This study was approved by the local ethics committee of the Medical Faculty of RWTH Aachen University (EK 144-18) and all methods were in accordance with the relevant guidelines and regulations.

Data from 433 patients who underwent reconstruction in the head and neck region with microvascular free flaps in our department of oral and maxillofacial surgery between 2011 and 2019 were retrospectively analyzed. The patients were surgically treated for malignant or non-malignant diseases. The data were obtained from clinical notes and operation reports. Patients with neurologic diseases, psychiatric diseases, or substance use disorders (except for excessive alcohol consumption and smoking) were excluded from the study. Patients with incomplete or missing data were also excluded.
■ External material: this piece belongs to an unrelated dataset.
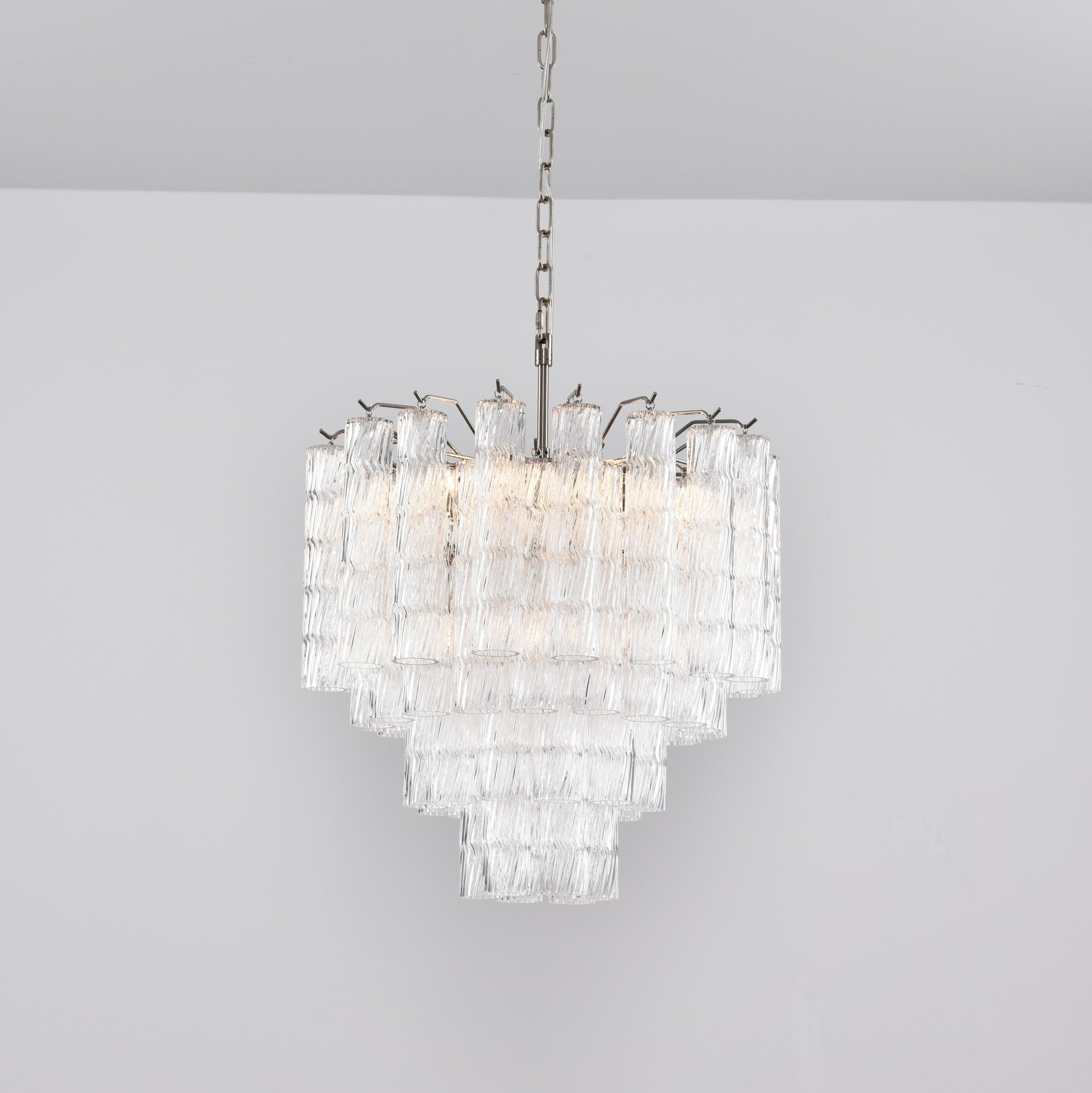 Vetrina Glass Chandelier Glass lighting by Bling Lighting Studio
Further analysis was performed for all 55 patients with POD and 55 matched patients without POD with respect to surgical procedure parameters (i.e., transplant type, transplant location, and tracheotomy). The diagnoses for patients without POD and patients with POD, respectively, were adenocarcinoma (n = 2 and n = 0), ameloblastoma (n = 2 and n = 1), atrophies (n = 0 and n = 1), basal cell carcinoma (n = 0 and n = 2), medication-related osteonecrosis of the jaw (n = 0 and n = 1), melanoma (n = 0 and n = 1), Merkel cell carcinoma (n = 2 and n = 0), myxoma (n = 1 and n = 0), nerve sheath tumor (n = 0 and n = 1), osteomyelitis (n = 2 and n = 1), squamous cell carcinoma (n = 40 and n = 43), squamous cell carcinoma metastasis (n = 1 and n = 0), osteoradionecrosis of the jaw (n = 1 and n = 2), sarcoma (n = 2 and n = 2), salivary gland carcinoma (n = 1 and n = 0), and trauma (n = 1 and n = 0).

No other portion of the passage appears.